When i was a JW i used to openly say "this religion attracts nutters".
Here we go:
- The never-married old sister who hated absolutely everyone and would answer the rhetorical questions the speaker would ask with a sarcastic answer. She never sat down. Always stood at the back of the hall with a HUGE magnifying glass because she refused to wear glasses and "it's the society, they're printing the words too small". Also refused to wear a hearing aid so she'd constantly shout at the sound desk brother during the meeting to turn the sound up.

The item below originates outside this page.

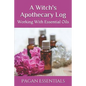 A Witch's Apothecary Log: Working With Essential Oils - Paperback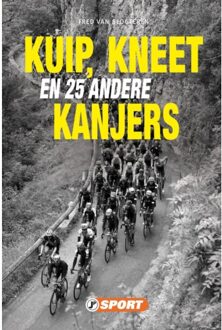 Just Publishers Kuip, Kneet en 25 andere kanjers - (ISBN:9789089755599)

- The elder (COBE) who demanded every speaker on the platform to wear a white shirt. And kept a spare white shirt in the 2nd school in case, horror of horrors, a visiting speaker turned up in another coloured shirt. One visiting speaker refused to change his shirt and was actually told he couldn't give his talk. Only the CO was given leeway, and even then that was because we had a hard-ball ex-military CO one time that told him where to go.
- The old lady that was disfellowshipped that wore WAY to much make up, had no teeth and would turn up to the KH with a broken old pram with a black plastic bag of rubbish (trash) in it. One time she turned up with two smashed porcelain dolls wrapped in rags.
- The brother who was "anointed" even before the changes that came in that would have qualified him. He took his platform mic duties so seriously that one time he was in the toilet and a new speaker got up onto the platform, the speaker asked me if i could adjust his mic so i did. This brother stormed all the way up to me and said "dont you ever touch my microphone again!"
- My ex girlfriends dad believed he was anointed. But sometimes he wasnt sure if he was. So sometimes he didnt partake of the emblems and other times he did. He also suffered from that illusive illness a lot of JW's seem to have... "M.S.". Yet still played cricket every Saturday evening and football with the brothers every Sunday as well as fulltime pioneering.